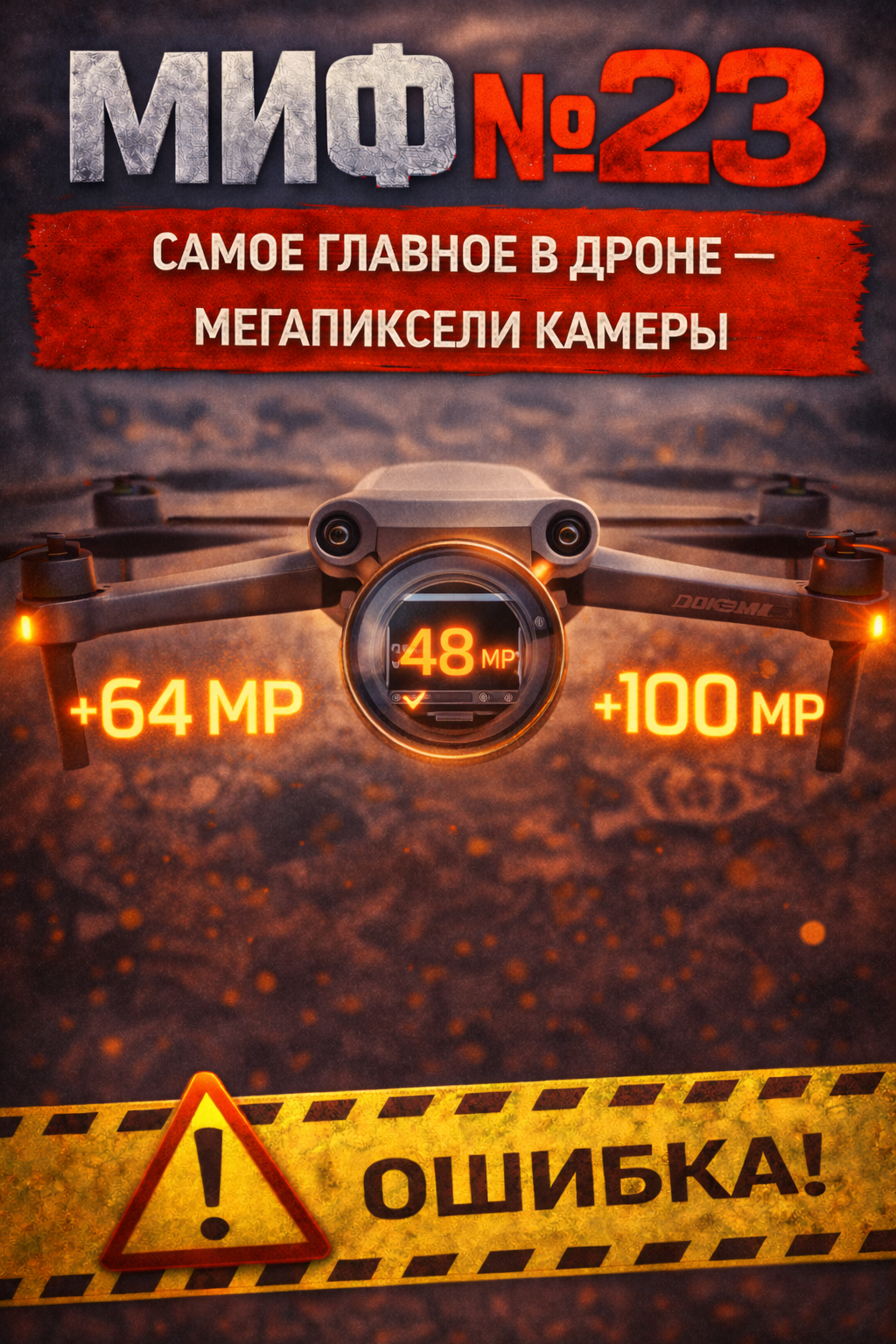 Миф №23: Самое главное в дроне — мегапиксели камеры Миф №23: Самое главное в дроне — мегапиксели камеры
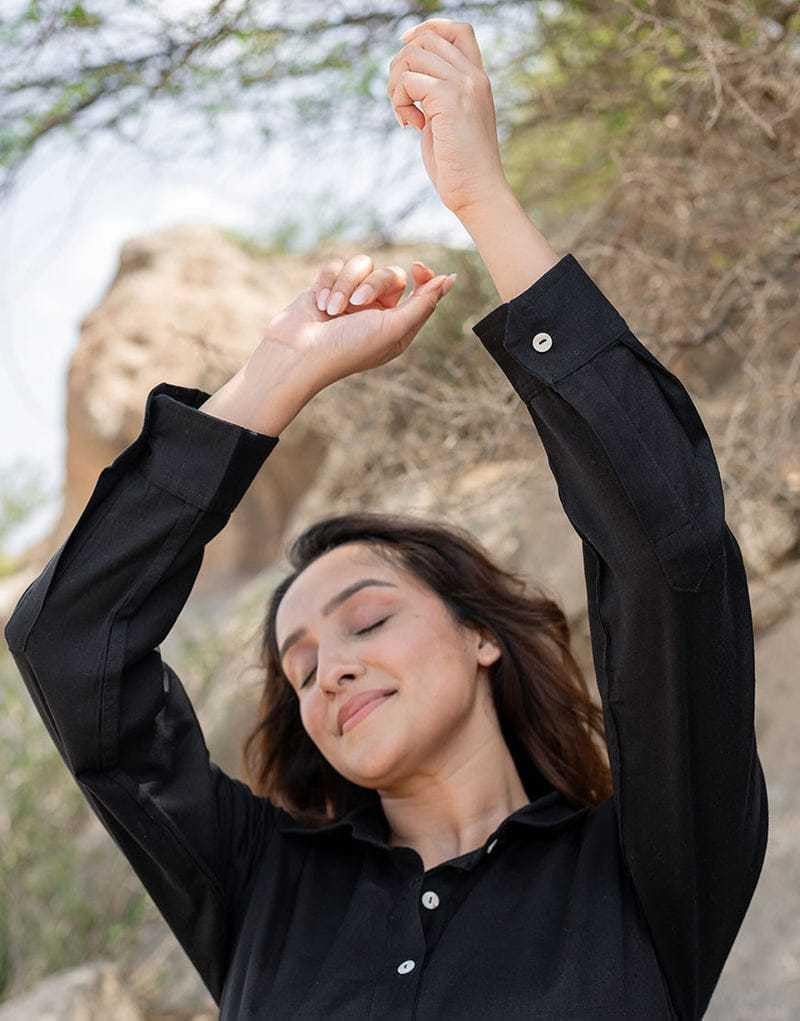 Women’s Black Co-ord Set with Abstract Face Embroidery – Stylish Casual Shirt & Pant Set
(BLACKLUXE CRAFTS) - BLACKLUXECRAFTS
##############################
▶ _TASK INSTRUCTIONS_:
Set down the whole listing exactly as given, except for the pictures.

▶ _WRITTEN SOLUTION_:
 Миф №23: Самое главное в дроне — мегапиксели камеры Миф №23: Самое главное в дроне — мегапиксели камеры
 Women’s Black Co-ord Set with Abstract Face Embroidery – Stylish Casual Shirt & Pant Set
(BLACKLUXE CRAFTS) - BLACKLUXECRAFTS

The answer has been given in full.